ハイブリッド芝ロールの裏側です。格子状の基布(バッキング)が判りますか。
ローラーで転圧して面を仕上げていきます。
6月30日、予定通りに全面の芝張りが終わりました。
スタンドから見下ろすぶんには全然違和感はありません。ちなみに今回のハイブリッド芝への変更にあたり、これまで使用してきた「ティフトン419」から新たに「セレブレーション」という芝種に変更しました。芝生の種類的には同じバミューダグラスですが、耐陰性や耐寒性に加えて擦り切れ抵抗性に優れた性質を持っています。日本のスタジアムで採用されたのは初めてですが、ブラジルワールドカップの決勝戦会場だった「マラカナンスタジアム」で使用されている芝生です。

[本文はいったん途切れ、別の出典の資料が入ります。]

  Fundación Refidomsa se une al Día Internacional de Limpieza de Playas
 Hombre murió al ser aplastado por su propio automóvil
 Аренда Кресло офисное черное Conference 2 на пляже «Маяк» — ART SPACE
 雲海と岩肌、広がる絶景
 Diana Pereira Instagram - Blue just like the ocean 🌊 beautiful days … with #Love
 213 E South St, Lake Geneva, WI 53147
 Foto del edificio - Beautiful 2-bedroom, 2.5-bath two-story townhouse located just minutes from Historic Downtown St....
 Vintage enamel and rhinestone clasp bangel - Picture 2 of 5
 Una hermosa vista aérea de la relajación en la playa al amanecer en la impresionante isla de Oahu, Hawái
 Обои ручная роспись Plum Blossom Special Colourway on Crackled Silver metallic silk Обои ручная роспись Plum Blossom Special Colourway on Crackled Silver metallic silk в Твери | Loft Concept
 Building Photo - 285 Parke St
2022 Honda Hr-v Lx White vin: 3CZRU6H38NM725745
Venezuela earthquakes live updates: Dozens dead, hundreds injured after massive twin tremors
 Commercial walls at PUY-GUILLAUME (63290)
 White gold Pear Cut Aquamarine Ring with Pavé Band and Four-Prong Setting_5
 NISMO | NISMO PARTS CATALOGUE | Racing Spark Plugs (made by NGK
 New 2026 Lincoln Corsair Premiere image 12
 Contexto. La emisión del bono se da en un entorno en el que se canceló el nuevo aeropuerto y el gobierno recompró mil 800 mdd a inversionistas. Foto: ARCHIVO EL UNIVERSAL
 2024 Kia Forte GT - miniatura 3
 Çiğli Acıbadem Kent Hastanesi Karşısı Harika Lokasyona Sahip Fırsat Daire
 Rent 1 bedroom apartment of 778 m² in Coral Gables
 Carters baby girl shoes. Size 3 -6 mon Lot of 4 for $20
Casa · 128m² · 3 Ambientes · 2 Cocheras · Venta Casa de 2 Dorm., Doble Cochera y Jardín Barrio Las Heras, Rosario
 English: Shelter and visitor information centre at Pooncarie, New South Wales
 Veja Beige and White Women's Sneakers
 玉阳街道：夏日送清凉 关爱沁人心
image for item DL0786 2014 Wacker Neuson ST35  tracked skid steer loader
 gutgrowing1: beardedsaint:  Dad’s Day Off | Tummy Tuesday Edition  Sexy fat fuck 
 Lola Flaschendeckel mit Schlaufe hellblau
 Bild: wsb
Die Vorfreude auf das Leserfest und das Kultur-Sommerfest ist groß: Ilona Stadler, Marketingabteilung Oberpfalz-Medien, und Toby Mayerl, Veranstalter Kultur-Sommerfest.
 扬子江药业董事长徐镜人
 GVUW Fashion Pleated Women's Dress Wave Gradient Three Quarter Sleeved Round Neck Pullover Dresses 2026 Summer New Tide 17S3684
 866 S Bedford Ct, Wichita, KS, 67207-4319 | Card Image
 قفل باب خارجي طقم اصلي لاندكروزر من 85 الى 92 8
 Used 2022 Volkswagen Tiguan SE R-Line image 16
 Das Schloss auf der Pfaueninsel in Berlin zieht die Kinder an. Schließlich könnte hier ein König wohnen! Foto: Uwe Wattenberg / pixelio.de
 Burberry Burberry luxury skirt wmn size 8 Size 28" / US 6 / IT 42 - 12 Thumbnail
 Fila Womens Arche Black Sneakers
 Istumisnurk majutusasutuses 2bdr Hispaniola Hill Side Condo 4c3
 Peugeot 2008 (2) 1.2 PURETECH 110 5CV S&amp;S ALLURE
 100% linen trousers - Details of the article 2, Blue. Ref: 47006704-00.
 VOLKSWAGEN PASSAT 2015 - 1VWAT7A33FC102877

今回のプロジェクトは、横浜市内の造園業者さんを中心に芝生の専門業者さんなど複数社の協力により進められました。中には、ハイブリッド芝のメーカーであるオーストラリアのスタッフも施工指導にあたり、英語と日本語が飛び交う賑やかな作業現場でした。
チームワークも良く、予定通り進められた仕事は「Goodjob」でした。
今後は、我々がこの新たなハイブリッド芝の管理を担います。日本のスタジアムで初めて採用されたハイブリッドシステムとセレブレーションの組み合わせは世界にも例がありません。何が正解かは手探りとなります、世界一を決める舞台の芝生を管理できることに感謝しながら新たなチャレンジをしたいと思います。
ハイブリッド芝に変更して最初に行われる試合は、7月28日に開催されるJリーグ、横浜F・マリノス対清水エスパルス戦となります。
期待と不安が交錯する管理の状況を引き続きお伝えしていきます。